"O outro lado de mim me chama.
Os passos que eu ouço são meus" - Clarice Lispector
Não conseguindo mais duelar contra mim própria, entreguei-me.
É muito difícil ser pragmática quando a vida, a cada minuto, invade-me com experiências, emoções, sentimentos.
E, de outro lado, é muito difícil ser pura essência em um mundo onde estamos tão suscetíveis à dor, tristeza, violência e incontáveis outras coisas ruins.
Vendo-me, no passado, noto o brilho diferente nos olhos, a pureza no coração e aquela esperança inocente de que tudo daria certo.
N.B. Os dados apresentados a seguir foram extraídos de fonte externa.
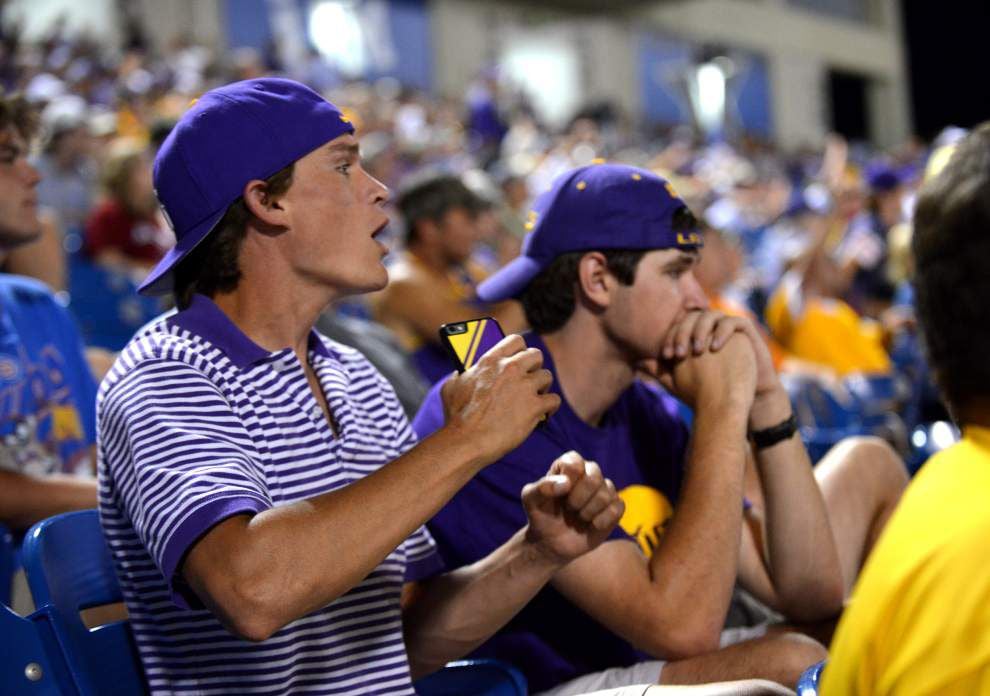 Chomping at Bits: Florida baseball falls to LSU in longest game in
E que tudo seria belo.
Um dia a gente acorda e percebe que endureceu.
E, então, os romances lindos dos livros não comovem como antes, e se vamos ao cinema, optamos por uma comédia, porque rir ainda é algo que podemos fazer por nós mesmos.
A cada experiência ruim, cada frustração, meu outro lado morria um pouquinho.
Só que nem tudo se esvai, então, impotente, saí do casco e desabei, trazendo à tona todas as emoções que foram, propositalmente, contidas, ao longo da vida.
Dei-me conta de que o dano já estava feito, e me conformo com o fato de que jamais voltarei a ser aquela garota sonhadora. Pelo menos, não em público.
E é por isso que escrevo. Para me libertar das amarras que decidi criar para me poupar. Proteger-me.
Se você acha que me conhece pelos meus textos, engana-se. E se chegar a me conhecer, dirá que levo crédito por algo que não é meu. Ou, então, talvez, sugira que eu use um pseudônimo, haja vista tamanha discrepância entre a pessoa que vive no mundo real e a que escreve.
Quero que enxergue a escritora como uma outra versão de mim.
É meu outro lado, ressuscitado, aos poucos, em cada pensamento que sai da minha cabeça direto para as linhas do meu caderno.
Aquele lado que não está pronto, emocionalmente, para dar as caras, mas que ainda tem um resquício de esperança de que o mundo, algum dia, será um lugar mais lúdico, mais cheio de amor e de boas pessoas, onde a essência será capaz de fixar morada, sem nenhum receio.